Escaping the Atypical Monster in Escape Room

Well, unsurprisingly, it’s three in the morning and I’ve decided to write a blog post.  You see, I was reading On Monsters: An Unnatural History of our Worst Fears by Stephen T. Asma, and his writing is so fluid, his stories so interesting, his points so insightful, that I got inspired to write.  In general, I find that as I read more for my comprehensive exams, I tend to get so enthusiastic that I feel I absolutely must release some of my excitement through writing.  And, I have the perfect fodder for a blog post this evening.  Michael and I went to see a showing of Escape Room tonight, and we both really enjoyed the film.  Given that I’ve been reading about monsters and horror non-stop over break, my mind started playing with the movie in light of what I’ve been reading, and I jotted down some thoughts earlier.  So, here’s what will probably be a fairly short little post on Escape Room.  I’m not one for rating or grading movies, so while I won’t give it a rating, I’ll say it’s an interesting example of a horror archetype we’ve been seeing a lot of recently, and it’s a genuinely engaging film with (my favorite!) mostly likable characters!  As such, I highly suggest you check it out.  But…I’m no good at writing without spoilers, so those will inevitably follow this paragraph.  Beware!! 
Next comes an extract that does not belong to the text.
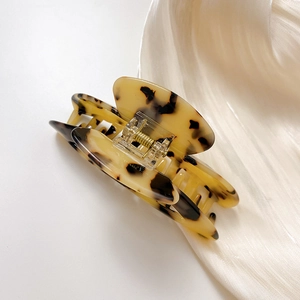 Minimalist acetate crescent hair claw with tortoise shell pattern on silk background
                To begin, (sing the next clause to the melody of the Brady Bunch song) here’s the story of six people in Chicago, who are gifted with invitations to an Escape Room, and who think they’re getting those invitations from close friends, teachers, business partners, etc.  Zoey, Amanda, Mike, Ben, Danny, and Jason, an eclectic group of strangers, find themselves together in what appears to be the waiting room of the company that’s manufactured the game.  They soon find out, however, that the waiting room is the first of a series of creative, intricately designed but lethal escape rooms.  When the heat escalates to an insufferable level and endangers everyone involved, the strangers begin to sense that their situation may be more serious than previously assumed.  When the first member of their party dies, they realize that the Escape Room is no joke; they’ll have to work together to unlock each room and pass through the labyrinth of puzzles.  Unfortunately, the room are systematically engineered to kill each group member, one by one, for reasons that aren’t initially clear, and the group members soon realize the invitations weren’t from friends or acquaintances.  By about half way through the movie, our intrepid game-players seem to be stuck in a hopeless case.  Never fear, however.  The archetypal “final girl,” Zoey, will step in and save the day.
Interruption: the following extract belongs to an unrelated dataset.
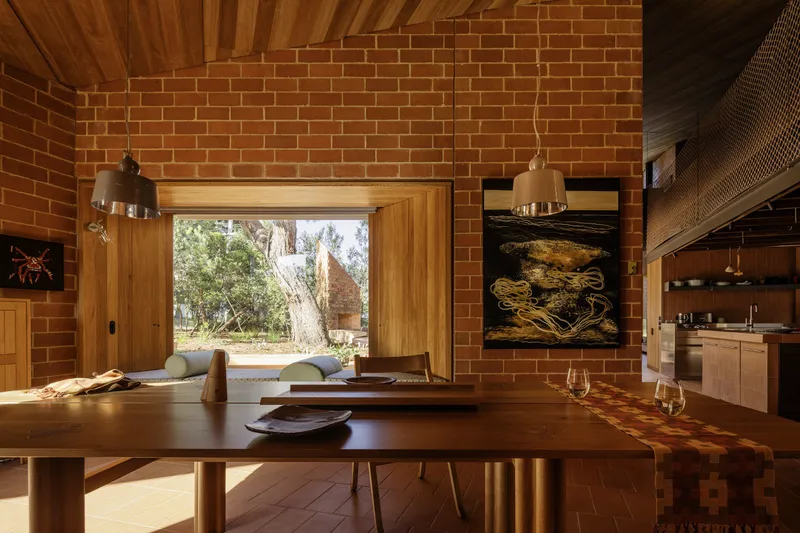 Dining area with timber table and window framing eucalyptus trees beyond red brick walls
                W. Scott Poole cites Laurie Strode (Jamie Lee Curtis) in Halloween as a prime example, and perhaps one of the first examples, if not the first example, of the “final girl,” who, according to Poole, is “a gender-bending figure who slays, or at least holds at bay, the monster” (159).  Poole notes that the final girl trope is prevalent in slasher movies, but his text implies that Ripley in Alien is also a “final girl,” and I would argue that the final girl is a convention visible in horror movies that span different subgenres.  One reason I enjoyed this film is because I really loved seeing Zoey’s character as the “final girl.”  Zoey, who is supposed to be a brilliant college student with a penchant for physics, is a timid, sometimes hesitant girl who looks like a college student, and saves herself and Ben with her brain, not her brawn.  While the “shy smart girl” who solves the mystery sounds like a familiar trope, horror movies are much more likely to rely on often sexualized, extroverted, statuesque “college students” (who look much older) who are going on a trip over the break (i.e., Cabin in the Woods), not an escape room.  I thought almost all of the characters in this film were likeable and relatable, but I really like the fact that they inverted the final girl trope to make her young, shy, and, like Laurie Strode, unusually smart.
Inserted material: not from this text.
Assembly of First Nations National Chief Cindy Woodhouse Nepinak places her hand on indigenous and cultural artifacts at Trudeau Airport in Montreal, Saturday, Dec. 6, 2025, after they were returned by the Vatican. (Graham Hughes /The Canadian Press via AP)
                And Zoey has to be brilliant to outwit the monster that she faces.  The monsters of the late 2010’s, after all, are much unlike the monsters of the past.  Rick Worland pinpoints the bloodlust-filled Dracula and the misunderstood, sympathetic Frankenstein as two definitive monsters of classic horror when he notes that Tod Browning’s Dracula and James Whale’s Frankenstein, both produced in the early 1930s, initiated the launch of the classical period in horror, or, the classic horror movie.  In genre studies, as I’ve mentioned in previous posts, the classical period follows the experimental period, or the period where auteurs experiment in order to start shaping the genre.  By the classical period, movies have stock elements and tropes, elements that will be manipulated in the refinement period and self-reflexively acknowledged – even mocked – in the baroque period of the genre.  I mention these phases because Rick Worland suggests that we’re entering a neo-classical period in the horror genre, and I wonder if we could categorize Escape Room as a neoclassical piece.  It isn’t as self-reflexive as a baroque piece, but it’s sort of a high-tech, posthuman version of a monster movie containing a very different monster than what we’re used to. 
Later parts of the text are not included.